* Tobias C Rittweiler [2010-10-22 16:24] writes:
In article m37hha9w0v.fsf@leonis4.robolove.meer.net, Madhu enometh@meer.net wrote:
| | So what are you criticizing? that you need to use C-c C-k or that you | can't be bothered to press y?
I wish to use slime-compile-and-load-file to compile and load and a file. Period. If I just want to load a file, I'd use slime-load-file. If I just wanted to see warnings/errors I'd use `slime-compile-file'.
The short discussion which eventually resulted in the current behaviour can be viewed here:
http://thread.gmane.org/gmane.lisp.slime.devel/9905
So there are at least 3 ways of doing things:
C-c C-k compiles and loads the resulting fasl file unconditionally.
You can compile-only a file (C-c M-k), look at warnings and then explicitly load the file (C-c C-l), too.
This kind of was the original behaviour except it was not entirely clear to me that all backends actually really implement that behaviour.
C-c C-k compiles a file, and loads the resulting fasl IF AND ONLY IF the compilation was successful.
You can then look at warnings, and explicitly load the file via (C-c C-l) as an explicit after step.
C-c C-k compiles a file, and loads the resulting fasl IF AND ONLY IF the compilation was successfull.
If compilation failed, the user is queried if the resulting fasl should be loaded, or not.
That's the current behaviour.
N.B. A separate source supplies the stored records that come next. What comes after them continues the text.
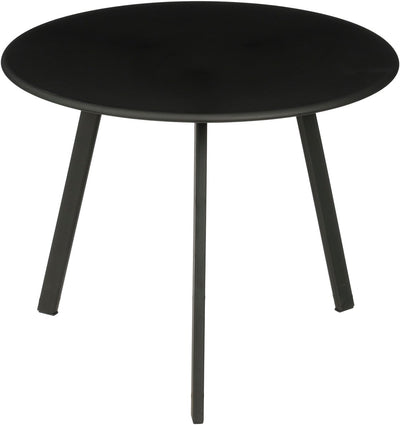Mica decorations seatle bijzettafel voor buiten - salontafel rond - plantentafel en koffietafel - h30 x ø38 cm - metaal - zwart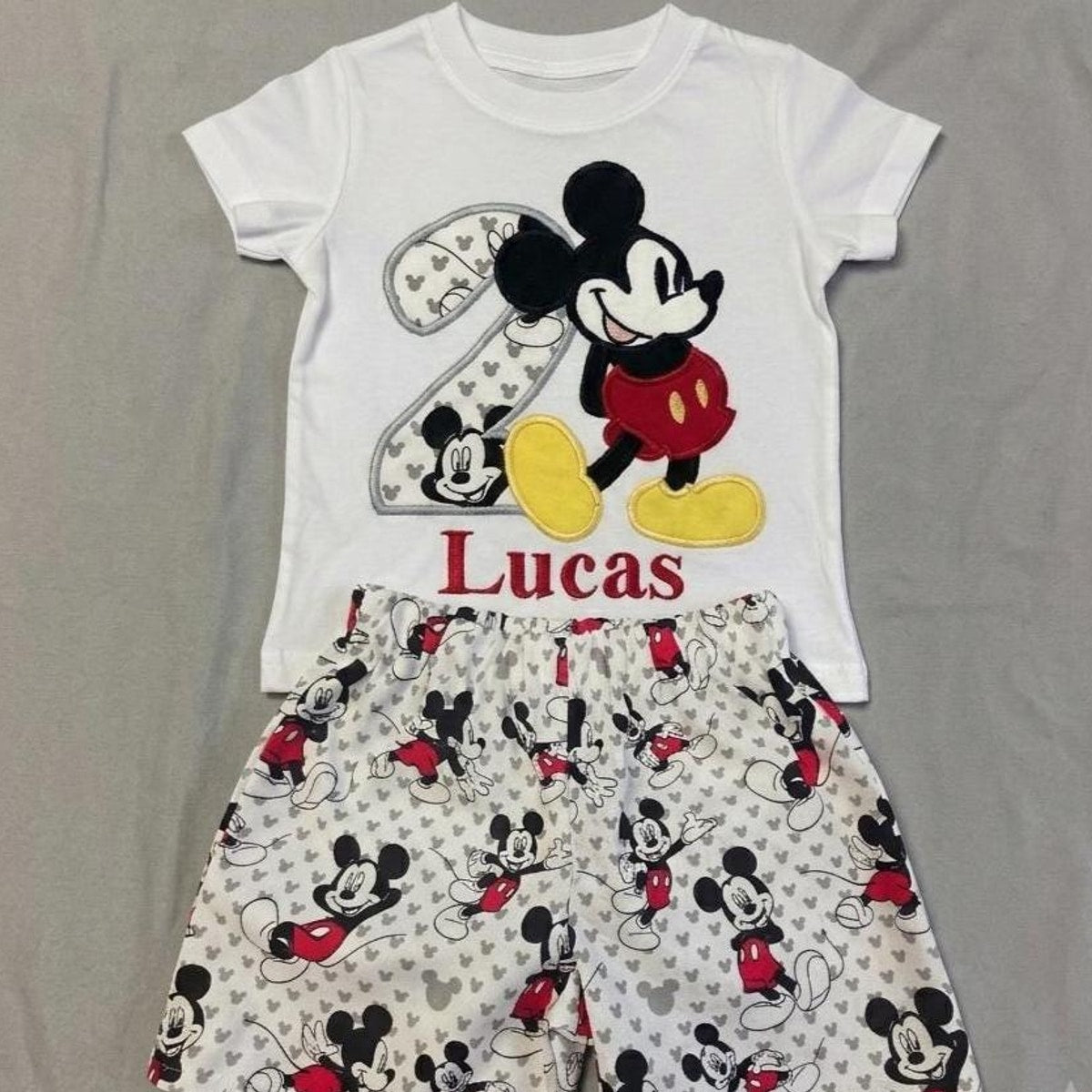 Boy's Character Outfit / Embroidered Boys Mouse Shirt / Personalized Boys Shirt - Shorts / Birthday Boys Outfit
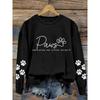 Women's comfortable paw print crew neck sweatshirt, casual long sleeve pullover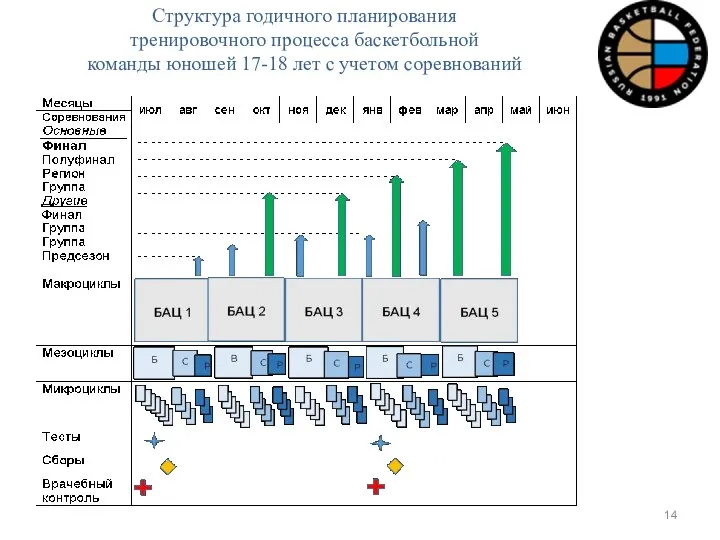 Структура годичного планирования тренировочного процесса баскетбольной команды юношей 17-18 лет с учетом соревнований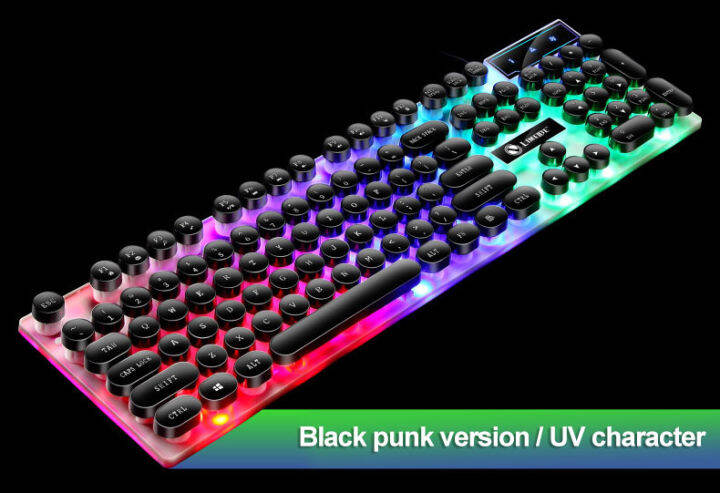 wired-punk-mechanical-felling-keyboard-104-keys-floating-button-black-white-usb-retro-gaming-keyboards-backlit-for-pc-laptop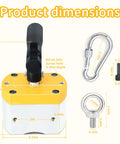 Dimensions of 600 Lb On Off Switch Magnetic Holder For Welding And Lifting with screw and carabiner details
Using Y-OR-N-P makes it impossible to look at warnings. Using YES-OR-NO-P would kind of allow for that but would still make it a bit awkward (as you're kind of inside a recursive input loop)
Is that an accurate description?
Another way to say it: 1 and 2 are the same except that 1 uses a non-nil fasl file as success indicator and 2 uses the third return value of COMPILE-FILE. There is also an abort restart to return the current compiler messages to Emacs.
Are there more viable options?
Perhaps variant 0: try to load non-existing fasl files when COMPILE-FILE didn't create one.
For me, it's 2) that sounds most reasonable. I don't like
- because I am totally entrenched in using C-c C-k.
OTOH, 2) might annoy people who're deeply used to the unconditionally loading bit -- in which case 3) is a compromise except it makes looking at warnings somewhat unwieldly.
3 does in fact display the warnings buffer; so if the important warning is (one of) the first there's no need to scroll. And of course it's possible to look at warnings simply by pressing n and use C-c C-l later as in 2.
I also find it surprising that C-c C-c does /not/ do the query bit at the moment. Unconditionally loading is annoying in case you're working with precious image state (running application), and then render your application useless (and lose your state) because you recompiled a crucial function with, say, a typo in it.
In my mind C-c C-c means compile-to-memory without fasl file. The compile-to-temp-file meaning probably also makes sense, but it's not what C-c C-c was originally intended for. It's probably also bit tricky to load a temp-file with C-c C-l.
In these precious-state circumstances I seldomly use C-c C-k in the first place, though, but rather use C-c C-c on a few key parts.
What about you?
Make no typos? Don't write crucial apps? Or more realistically: complain to compiler writers not to create/load fasl files for input with read errors?